▸ **TASK INSTRUCTIONS**
Reproduce every line of the data, exactly and without its pictures.

↓↓↓

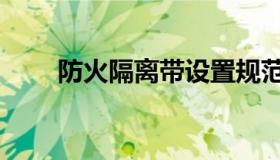 防火隔离带设置规范（防火隔离带）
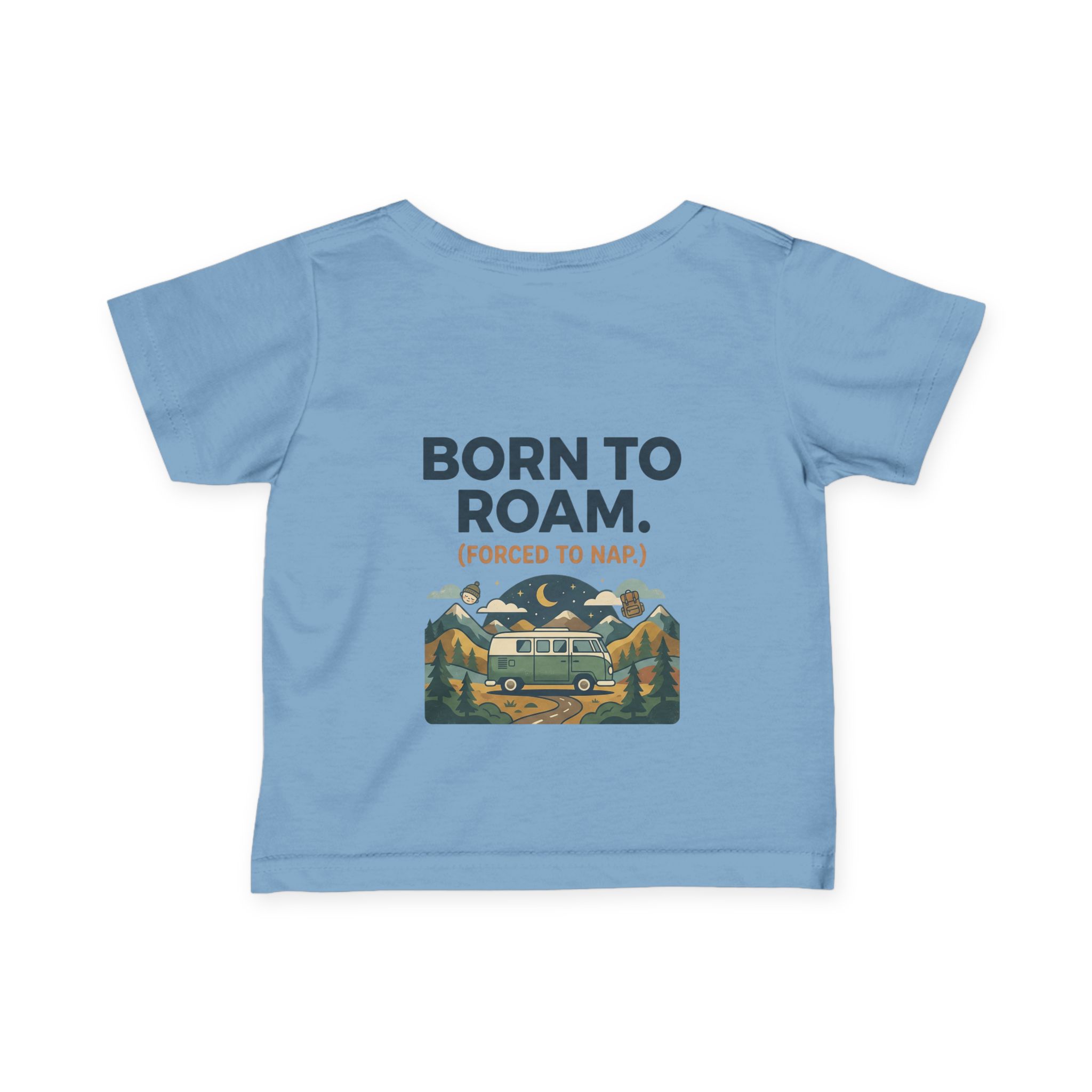 4892545358460794427_2048-1.jpeg Infant Tee - "Born to Roam (Forced to Nap)" RV Adventure Baby Shirt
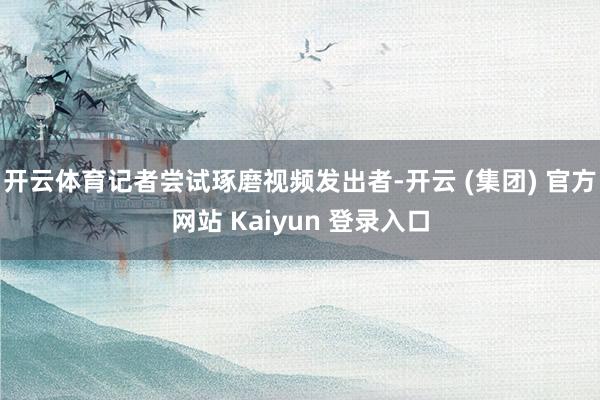 开云体育记者尝试琢磨视频发出者-开云 (集团) 官方网站 Kaiyun 登录入口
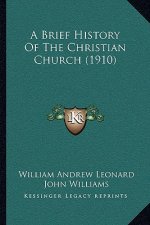 A Brief History Of The Christian Church (1910)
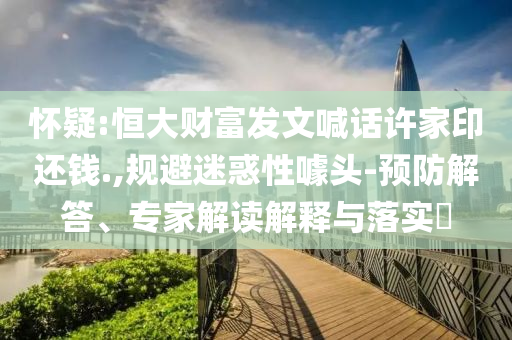 懷疑:恒大財富發文喊話許家印還錢.,規避迷惑性噱頭-預防解答、專家解讀解釋與落實?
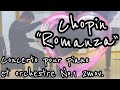 “Romanza💖” Concerto pour piano et orchestre No.1 2mov. Chopin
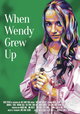 When Wendy Grew Up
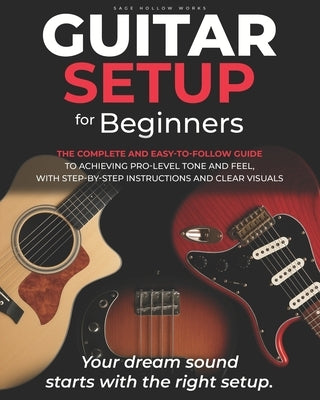 Guitar Setup For Beginners: The complete and easy-to-follow guide to achieving pro-level tone and feel, with step-by-step instructions and clear visua by Hollow Works, Sage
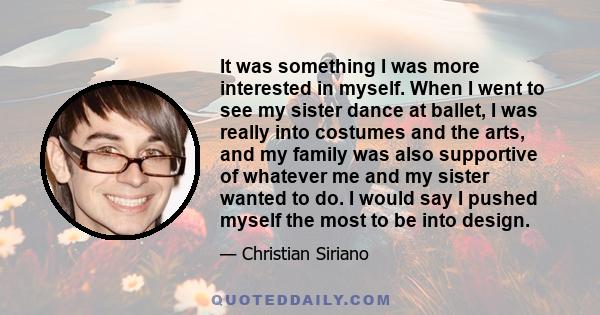 It was something I was more interested in myself. When I went to see my sister dance at ballet, I was really into costumes and the arts, and my family was also supportive of whatever me and my sister wanted to do. I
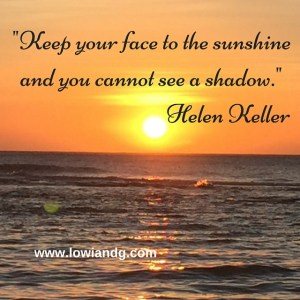 %22Keep your face to the sunshine and you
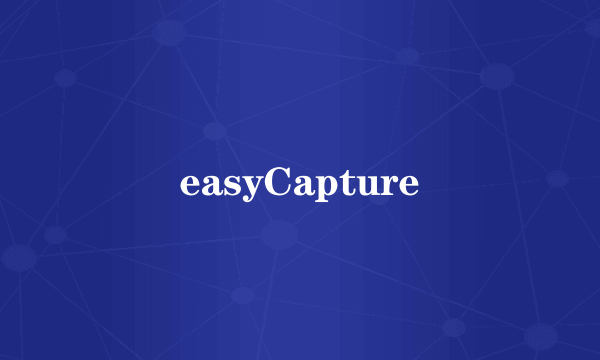 easyCapture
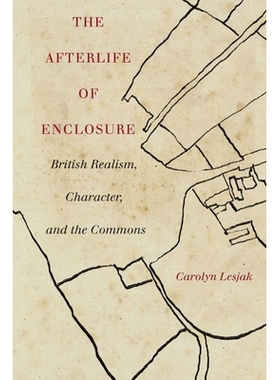 预订 The Afterlife of Enclosure: British Realism, Character, and the Commons 外壳的来世: 9781503627819
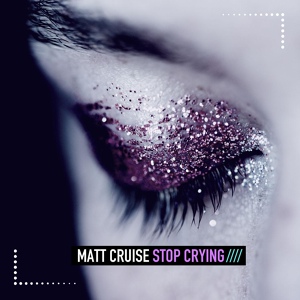 Обложка для Matt Cruise - Stop Crying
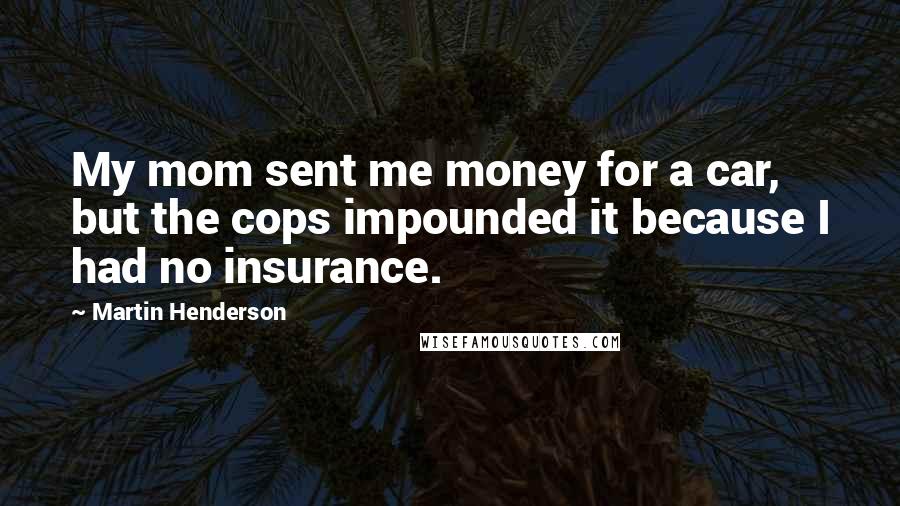 Martin Henderson Quotes: My mom sent me money for a car, but the cops impounded it because I had no insurance.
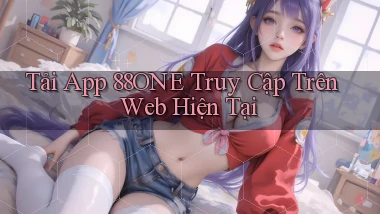 tải app 88one truy cập trên web hiện tại
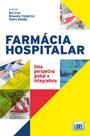 Farmácia Hospitalar - Uma Perspetiva Global e Integradora Farmácia Hospitalar - Uma Perspetiva Global e Integradora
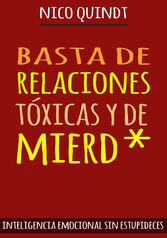 BASTA DE RELACIONES TÓXICAS Y DE MIERD*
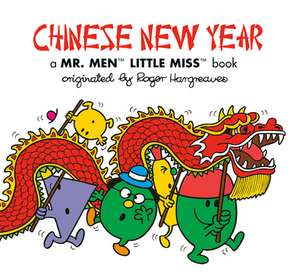 Chinese New Year: A Mr. Men Little Miss Book de Adam Hargreaves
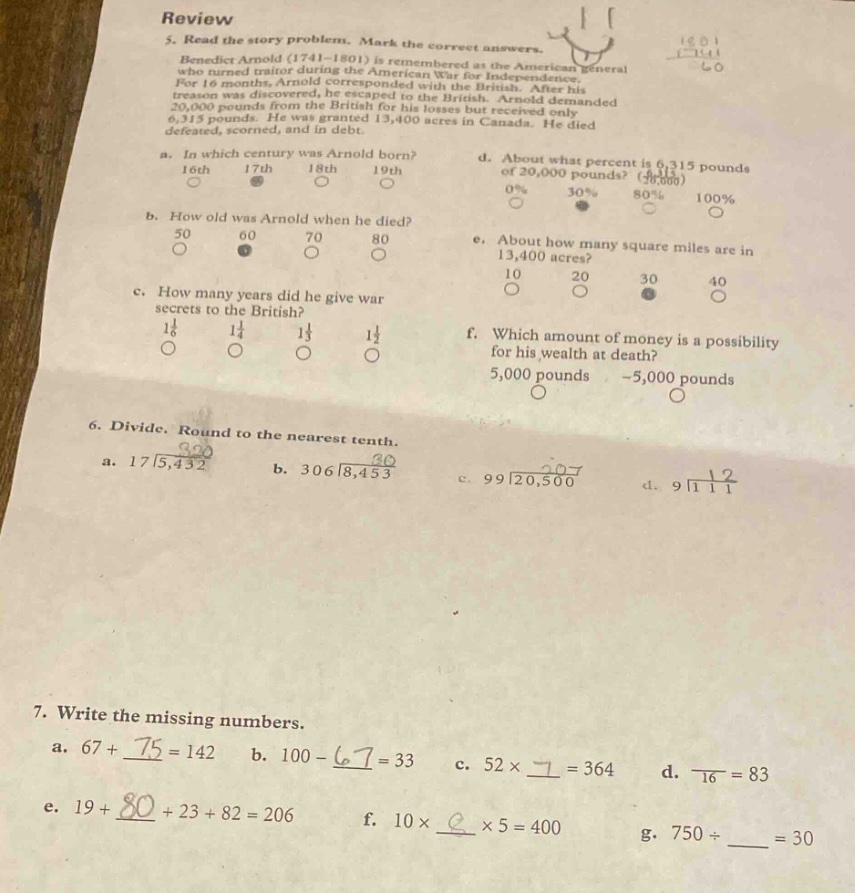 review\n5. read the story problem. mark the correct answers.\nbenedict arnold (1741 - 1801) is remembered as the american general who turned traitor during the american war for independence. when his treason was discovered, he escaped to the british. after his treason was discovered, he escaped to the british. arnold demanded 20,000 pounds from the british for his losses but received only 6,315 pounds. he was granted 13,400 acres in canada. he died defeated, scorned, and in debt.\na. in which century was arnold born?\n16th 17th 18th 19th\nb. how old was arnold when he died?\n50 60 70 80\nc. how many years did he give war secrets to the british?\n1 1/6 1 1/4 1 1/3 1 1/2\nd. about what percent is 6,315 pounds of 20,000 pounds?\n0% 30% 80% 100%\ne. about how many square miles are in 13,400 acres?\n10 20 30 40\nf. which amount of money is a possibility for his wealth at death?\n5,000 pounds -5,000 pounds\n6. divide. round to the nearest tenth.\na. 17|5,432 b. 306|8,453 c. 99|20,500 d. 9|112\n7. write the missing numbers.\na. 67 + ___ = 142 b. 100 - ___ = 33 c. 52×___ = 364 d. ___÷16 = 83\ne. 19 + ___ + 23 + 82 = 206 f. 10×___×5 = 400 g. 750÷___ = 30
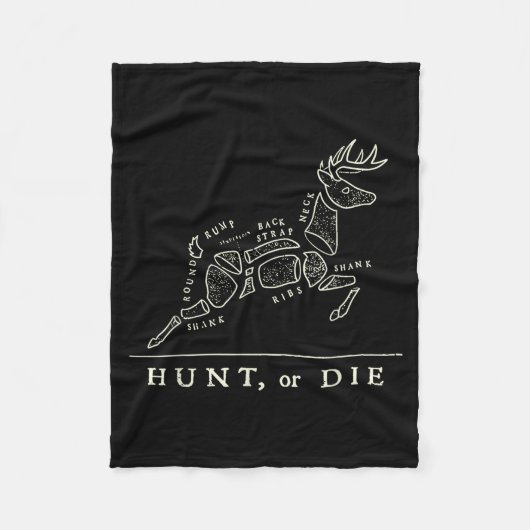 Hunt Or Die Funny Hunting Quote Deer Butcher Chart フリースブランケット (正面)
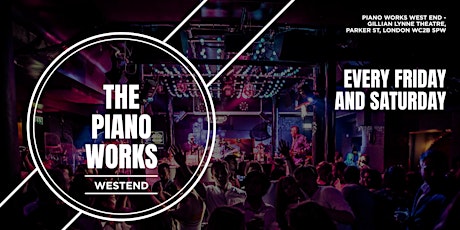PIANO WORKS LATES @ PIANO WORKS WEST-END // EVERY SATURDAY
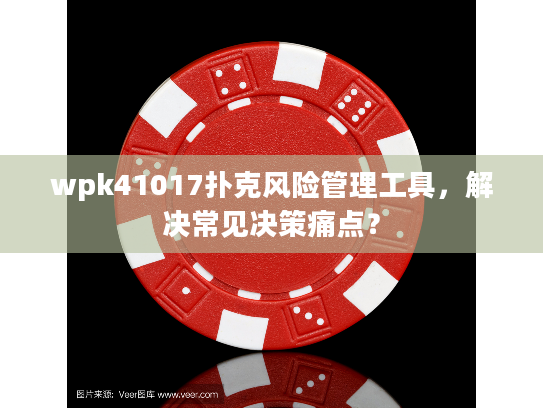 wpk41017扑克风险管理工具，解决常见决策痛点？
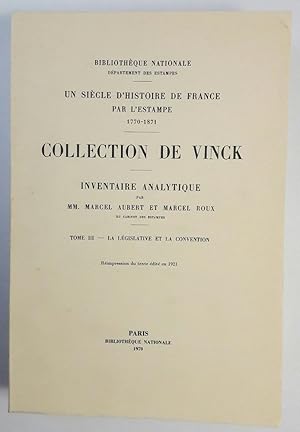 Un siècle d'histoire de France par l'estampe 1770-1871. Collection de Vinck. Inventaire analytiqu...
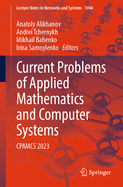 Current Problems of Applied Mathematics and Computer Systems: CPAMCS 2023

↑↑↑

▸ **REPLY TO THE TASK**
 防火隔离带设置规范（防火隔离带）
 4892545358460794427_2048-1.jpeg Infant Tee - "Born to Roam (Forced to Nap)" RV Adventure Baby Shirt
 开云体育记者尝试琢磨视频发出者-开云 (集团) 官方网站 Kaiyun 登录入口
 A Brief History Of The Christian Church (1910)
 懷疑:恒大財富發文喊話許家印還錢.,規避迷惑性噱頭-預防解答、專家解讀解釋與落實?
 “Romanza💖” Concerto pour piano et orchestre No.1 2mov. Chopin
 When Wendy Grew Up
 Guitar Setup For Beginners: The complete and easy-to-follow guide to achieving pro-level tone and feel, with step-by-step instructions and clear visua by Hollow Works, Sage
 It was something I was more interested in myself. When I went to see my sister dance at ballet, I was really into costumes and the arts, and my family was also supportive of whatever me and my sister wanted to do. I
 %22Keep your face to the sunshine and you
 easyCapture
 预订 The Afterlife of Enclosure: British Realism, Character, and the Commons 外壳的来世: 9781503627819
 Обложка для Matt Cruise - Stop Crying
 Martin Henderson Quotes: My mom sent me money for a car, but the cops impounded it because I had no insurance.
 tải app 88one truy cập trên web hiện tại
 Farmácia Hospitalar - Uma Perspetiva Global e Integradora Farmácia Hospitalar - Uma Perspetiva Global e Integradora
 BASTA DE RELACIONES TÓXICAS Y DE MIERD*
 Chinese New Year: A Mr. Men Little Miss Book de Adam Hargreaves
 review\n5. read the story problem. mark the correct answers.\nbenedict arnold (1741 - 1801) is remembered as the american general who turned traitor during the american war for independence. when his treason was discovered, he escaped to the british. after his treason was discovered, he escaped to the british. arnold demanded 20,000 pounds from the british for his losses but received only 6,315 pounds. he was granted 13,400 acres in canada. he died defeated, scorned, and in debt.\na. in which century was arnold born?\n16th 17th 18th 19th\nb. how old was arnold when he died?\n50 60 70 80\nc. how many years did he give war secrets to the british?\n1 1/6 1 1/4 1 1/3 1 1/2\nd. about what percent is 6,315 pounds of 20,000 pounds?\n0% 30% 80% 100%\ne. about how many square miles are in 13,400 acres?\n10 20 30 40\nf. which amount of money is a possibility for his wealth at death?\n5,000 pounds -5,000 pounds\n6. divide. round to the nearest tenth.\na. 17|5,432 b. 306|8,453 c. 99|20,500 d. 9|112\n7. write the missing numbers.\na. 67 + ___ = 142 b. 100 - ___ = 33 c. 52×___ = 364 d. ___÷16 = 83\ne. 19 + ___ + 23 + 82 = 206 f. 10×___×5 = 400 g. 750÷___ = 30
 Hunt Or Die Funny Hunting Quote Deer Butcher Chart フリースブランケット (正面)
PIANO WORKS LATES @ PIANO WORKS WEST-END // EVERY SATURDAY
 wpk41017扑克风险管理工具，解决常见决策痛点？
 Un siècle d'histoire de France par l'estampe 1770-1871. Collection de Vinck. Inventaire analytiqu...
 Current Problems of Applied Mathematics and Computer Systems: CPAMCS 2023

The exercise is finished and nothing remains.